Tandis qu'ils font l'inventaire des différents objets présents dans la demeure, Evelyn et Adam découvrent une peinture représentant une femme nue qu'ils décident de cacher dans les combles afin de ne pas froisser l'innocence de leur plus jeune fille Lucy. La demeure étant entièrement tapissée de toiles représentants divers personnages ayant réellement existé, certaines d'entre elle semblent prendre vie. Et notamment celle qui est accrochée au dessus du lit de Janice. Lorsque vient la nuit, l'adolescente est attaquée durant son sommeil par un individu qui lui coupe les cheveux. À son réveil, Janice est furieuse et s'en prend à sa petite sœur qu'elle croit coupable. Mais bientôt, une série d'événements va démontrer que la famille Elster n'est peut-être pas seule dans la maison... S'il y a assez peu de chance pour que les amateurs d'épouvante rompus au genre se laissent impressionner par la vague d'événements qui vont se dérouler dans cet imposant manoir de style victorien, d'autres pourraient bien être surpris et même sursauter à diverses occasions. À ce titre, The Painted se montre plutôt efficace.
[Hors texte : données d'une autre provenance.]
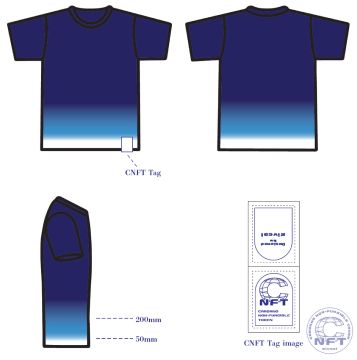 藍染オーガニックコットンTシャツ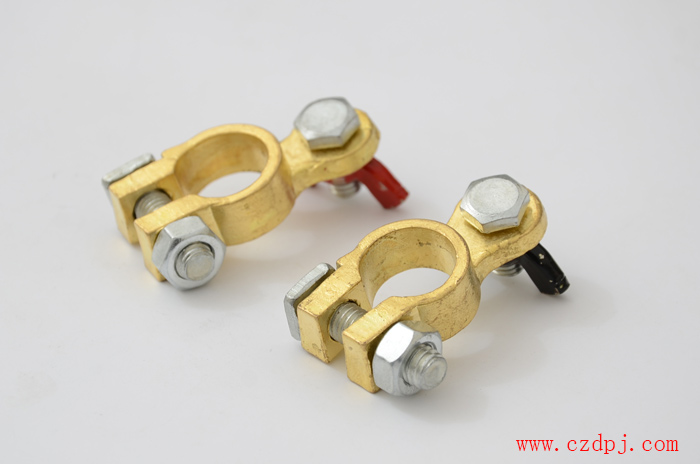 手拧式纯铜电瓶夹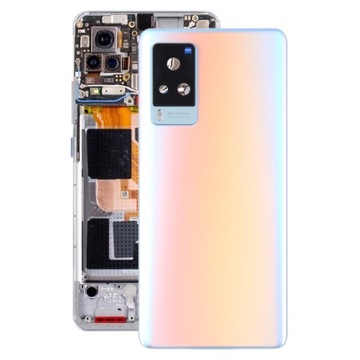Original Battery Cover with Camera Lens For vivo X60 Pro Global Pink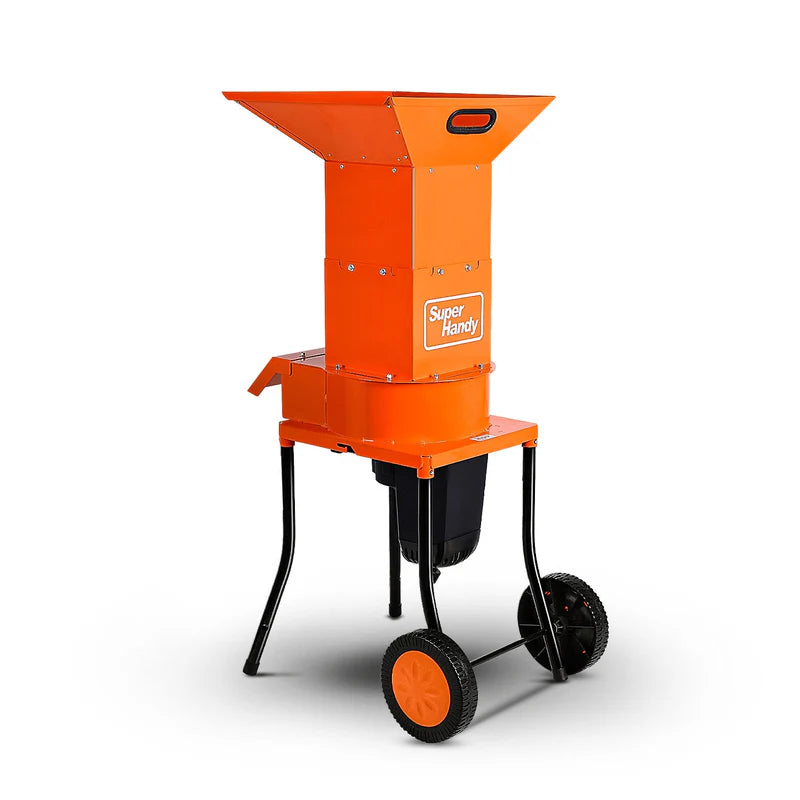 SuperHandy 120V Electric Leaf Mulcher Shredder – Corded, Heavy-Duty Steel Body, 11" Blades (GUO056)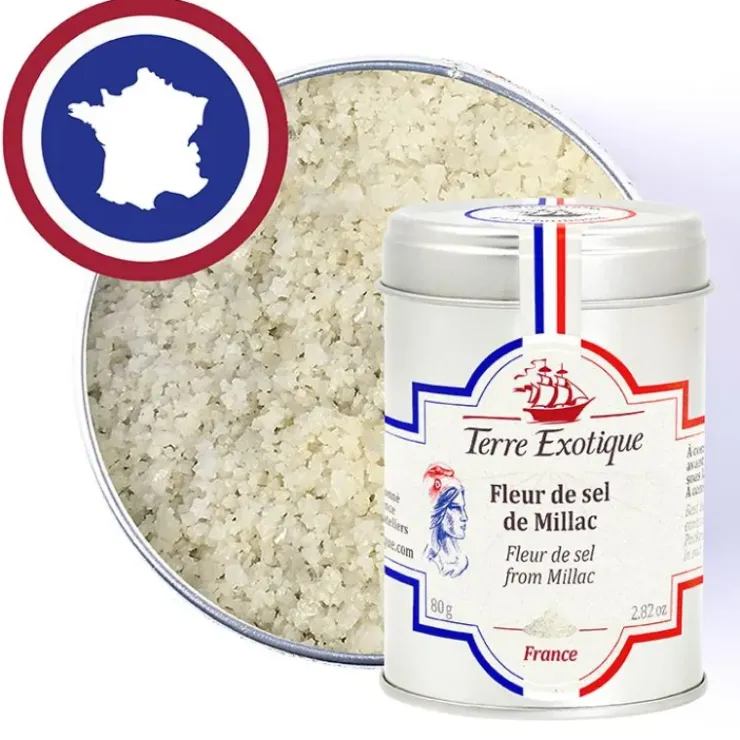 TERRE EXOTIQUE Fleur de Sel Millac 80 g Best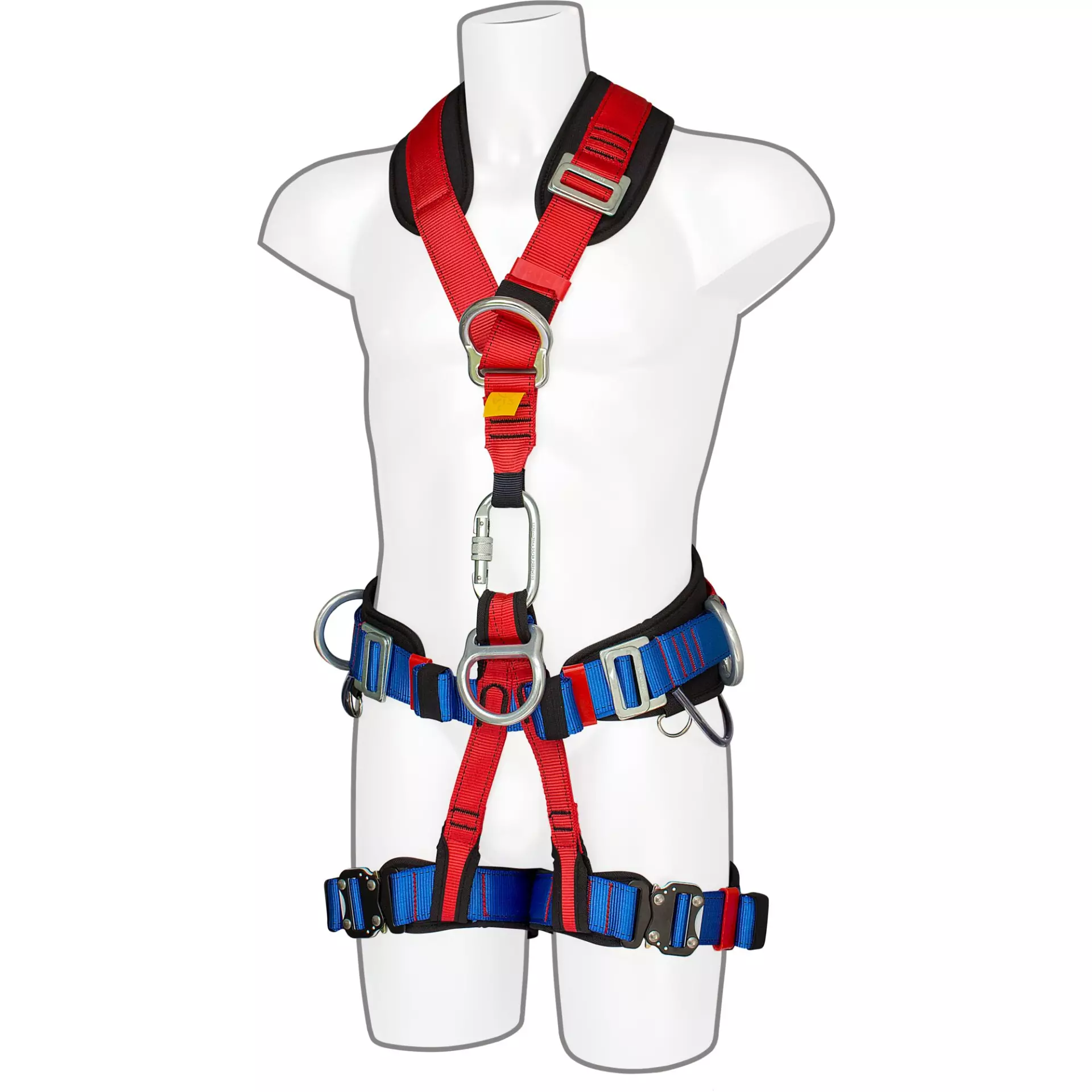 Portwest FP19RER, 4 Point Comfort Plus Harness, Red, image 1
Et ce, même si certaines balises propres au genre sont ici employées. Comme ce personnage très secondaire et donc insuffisamment exploité qu'incarne l'actrice Patrice Johnson. Elle y interprète le rôle de Leonora Pettengill, une femme d'âge moyen spécialisée dans les rituels occultes liés à l'art. Elle entrepose ainsi dans sa cave, toute une série de peintures maudites, un peu à l'image de la collection privée d’objets maudits que rassemblèrent durant leur parcours de chasseurs de fantômes, les époux Ed et Lorraine Warren et que l'on découvre dans la franchise The Conjuring ! Tout comme la fuite des Elster rappelle peu ou pour celle de la famille Lutz dans le classique de l'épouvante, Amityville, la maison du Diable de Stuart Rosenberg. Doté d'excellents effets-spéciaux numériques à l'image de ces peintures démoniaques composées en temps-réel, The Painted est une bonne surprise. Tout juste pourra-t-on reprocher au réalisateur et scénariste d'avoir créé un personnage de patriarche très caricatural et relativement agaçant (agressif et obsédé par le sexe même s'il saura se racheter vers la fin du récit) et d'avoir proposé une fin quelque peu théâtrale et ampoulée...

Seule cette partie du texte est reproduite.